**Instructions to follow**:
Copy all records precisely, apart from the pictures.

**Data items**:
>>>

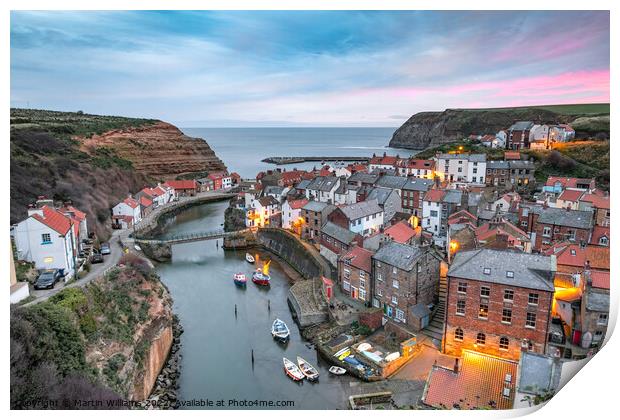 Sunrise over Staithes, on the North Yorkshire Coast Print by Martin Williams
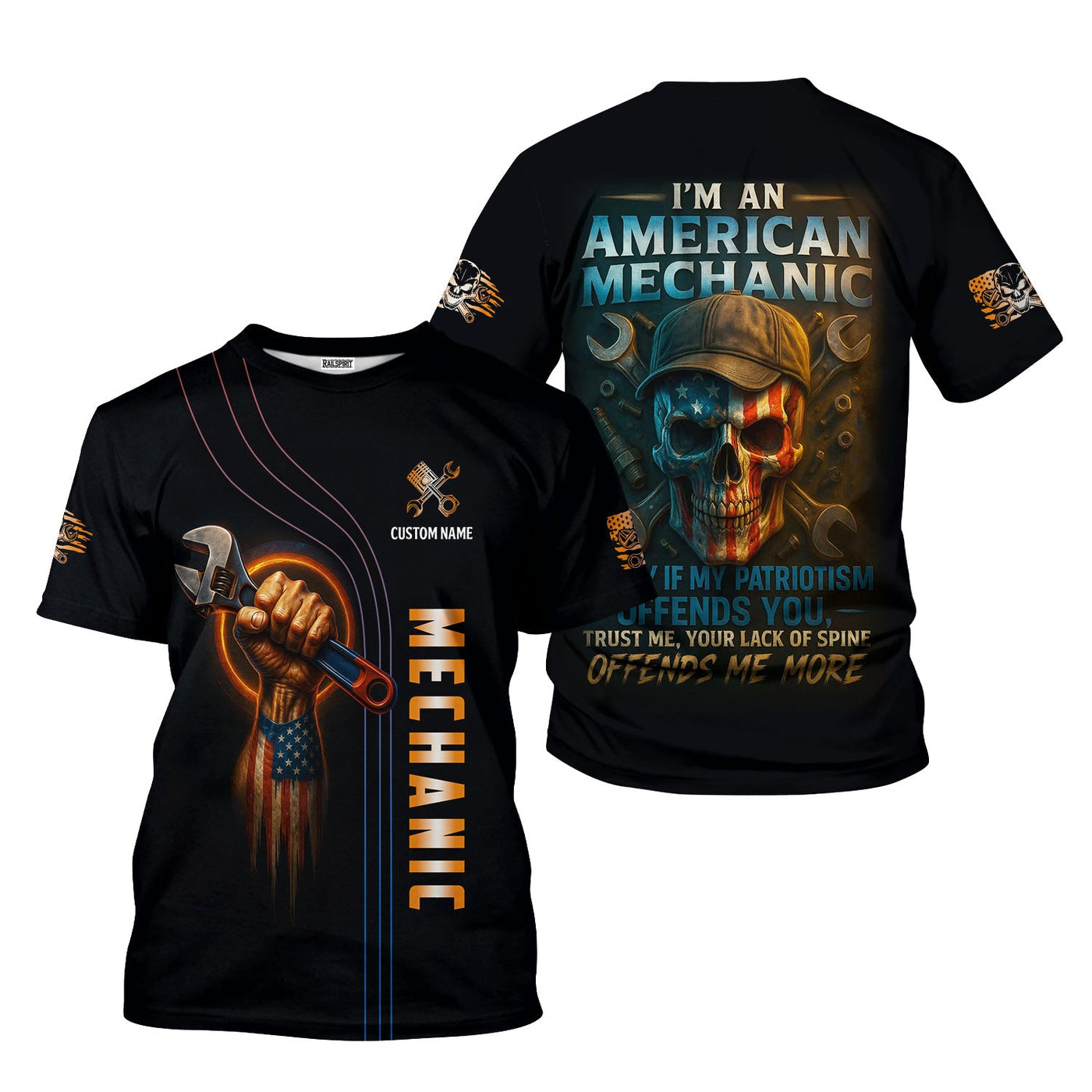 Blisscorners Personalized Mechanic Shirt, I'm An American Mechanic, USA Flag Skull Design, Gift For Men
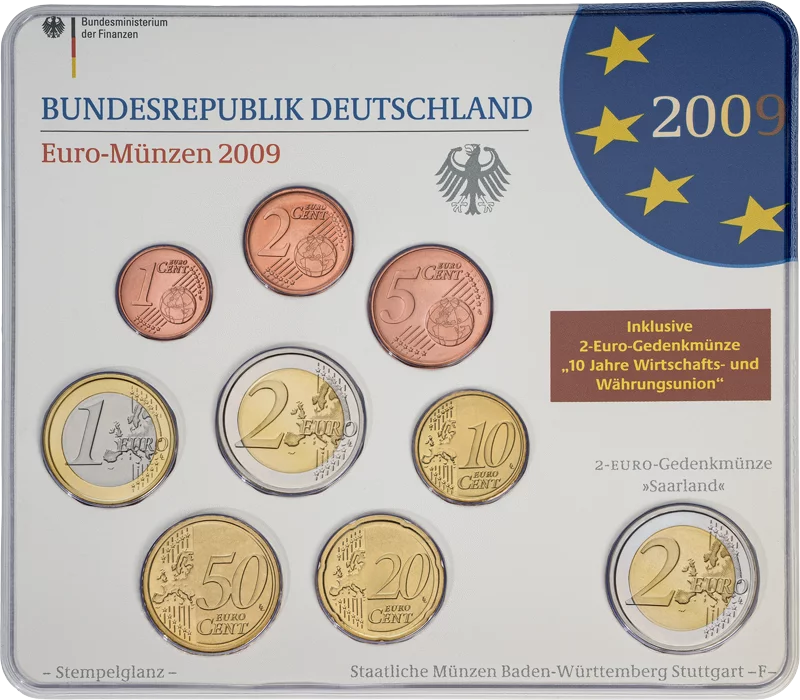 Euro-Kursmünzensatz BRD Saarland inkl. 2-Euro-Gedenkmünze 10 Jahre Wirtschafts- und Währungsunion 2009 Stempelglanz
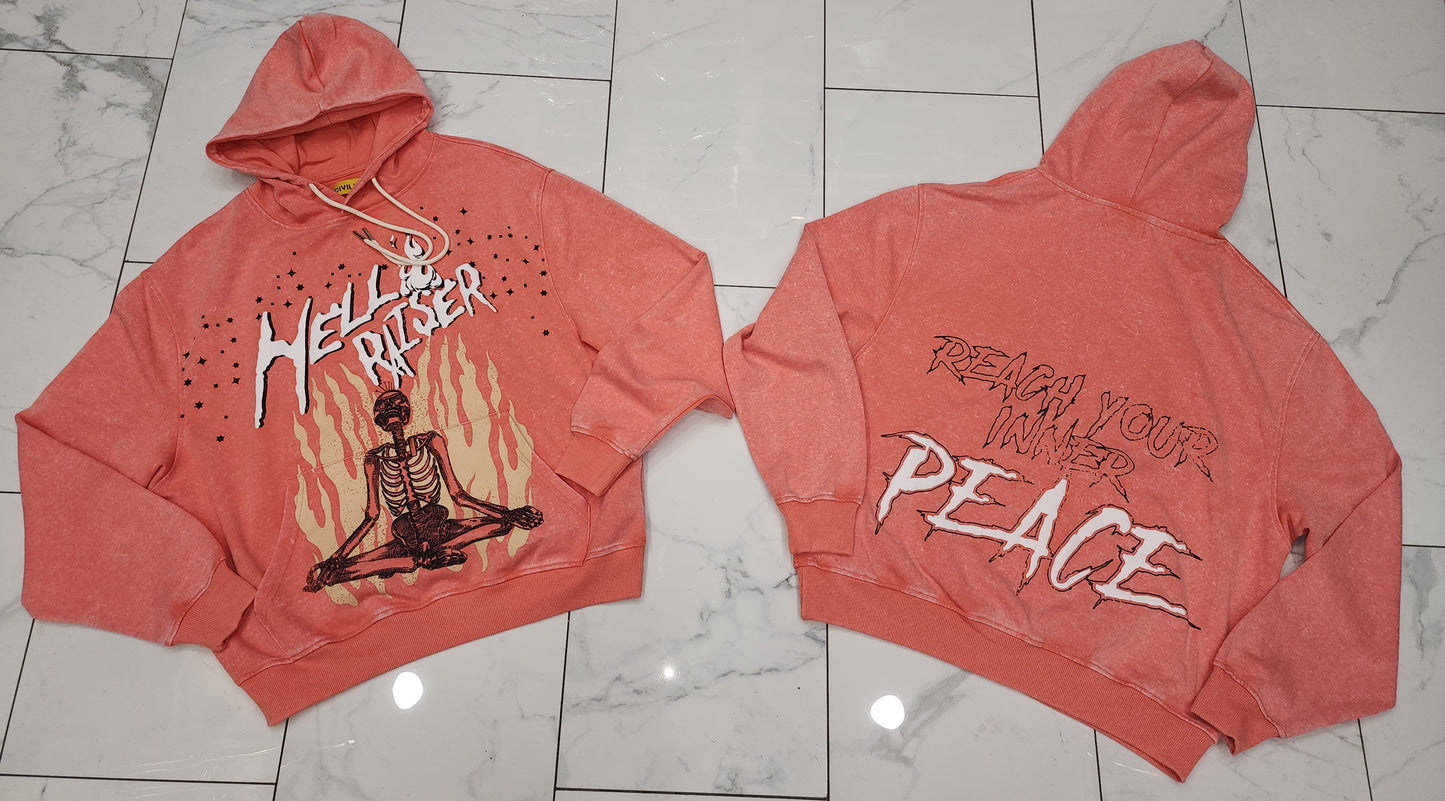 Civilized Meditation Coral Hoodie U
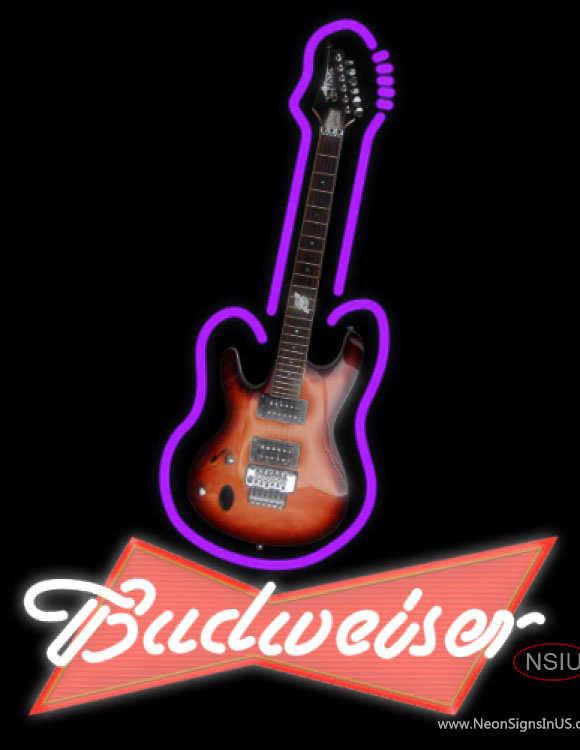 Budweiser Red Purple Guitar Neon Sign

<<<

**Result**:
 Sunrise over Staithes, on the North Yorkshire Coast Print by Martin Williams
 Blisscorners Personalized Mechanic Shirt, I'm An American Mechanic, USA Flag Skull Design, Gift For Men
 Euro-Kursmünzensatz BRD Saarland inkl. 2-Euro-Gedenkmünze 10 Jahre Wirtschafts- und Währungsunion 2009 Stempelglanz
 Civilized Meditation Coral Hoodie U
 Budweiser Red Purple Guitar Neon Sign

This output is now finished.